> **Input records**:
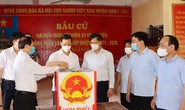Do dịch Covid-19, Bắc Ninh được bầu cử sớm tại một số khu vực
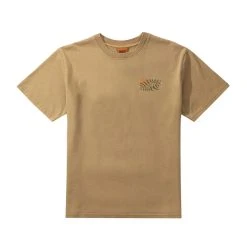 Rhythm Fern Vintage Short Sleeve T-Shirt 12 Rhythm Fern Vintage Short Sleeve T-Shirt -O'Neill Store 1817111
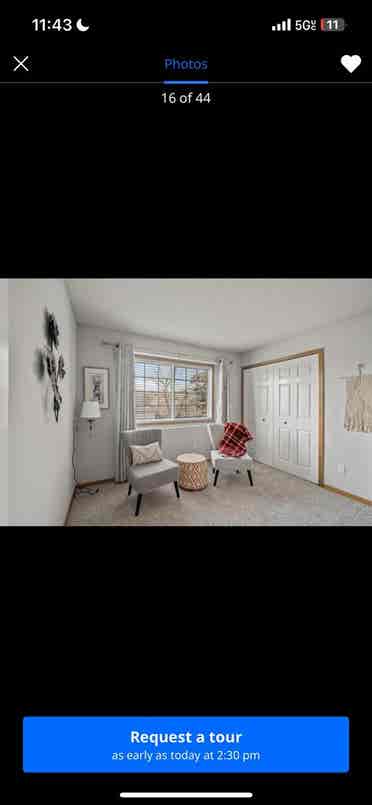 New Listing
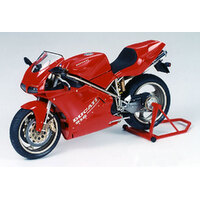 TAMIYA Plastic Model Kit Ducati 916 - 74-T14068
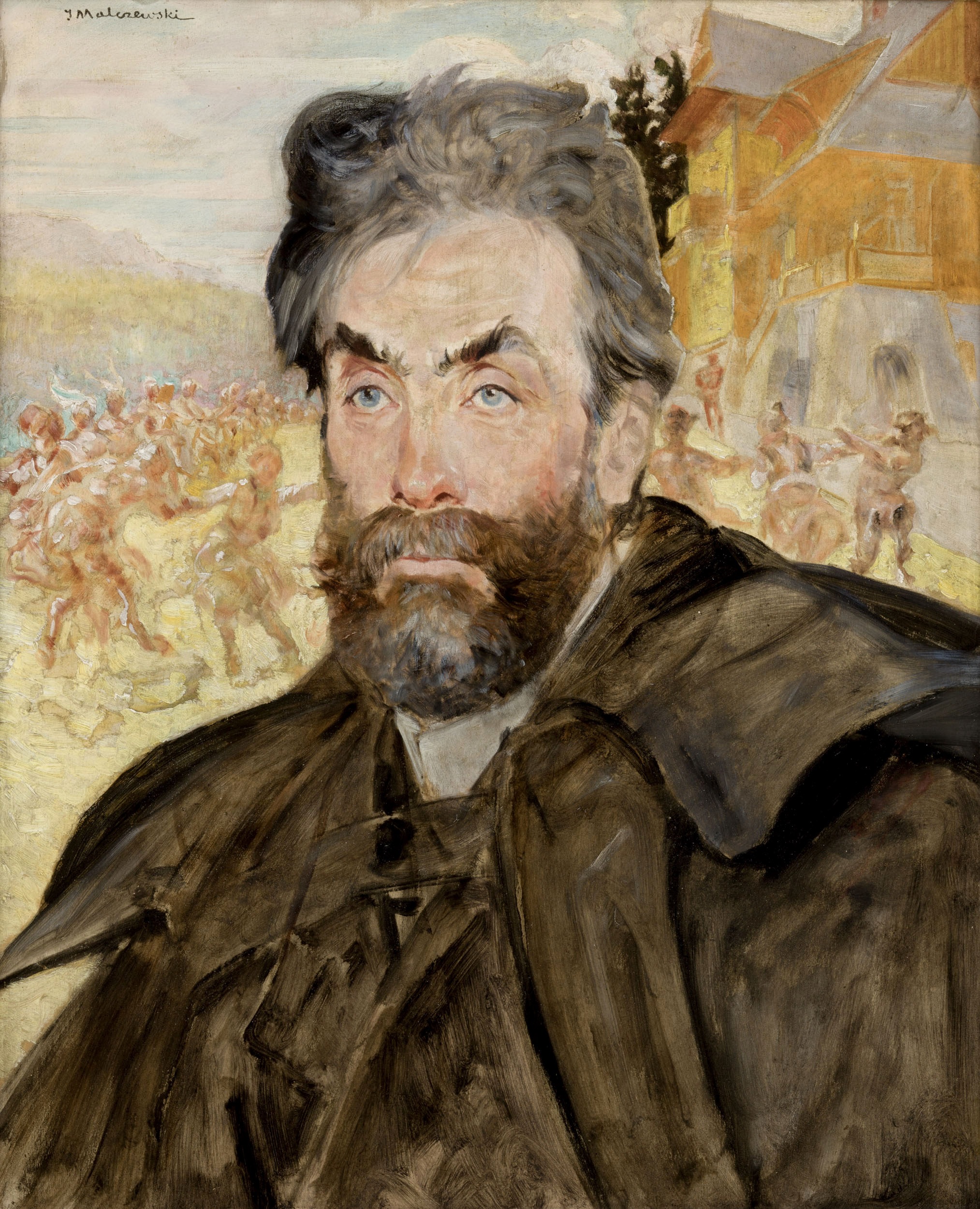 Stanisław Witkiewicz Fotografia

> **What is expected**: When you reproduce the material, keep every word exact and leave each picture out.

> **Solved exercise**:
Do dịch Covid-19, Bắc Ninh được bầu cử sớm tại một số khu vực
 Rhythm Fern Vintage Short Sleeve T-Shirt 12 Rhythm Fern Vintage Short Sleeve T-Shirt -O'Neill Store 1817111
 New Listing
 TAMIYA Plastic Model Kit Ducati 916 - 74-T14068
 Stanisław Witkiewicz Fotografia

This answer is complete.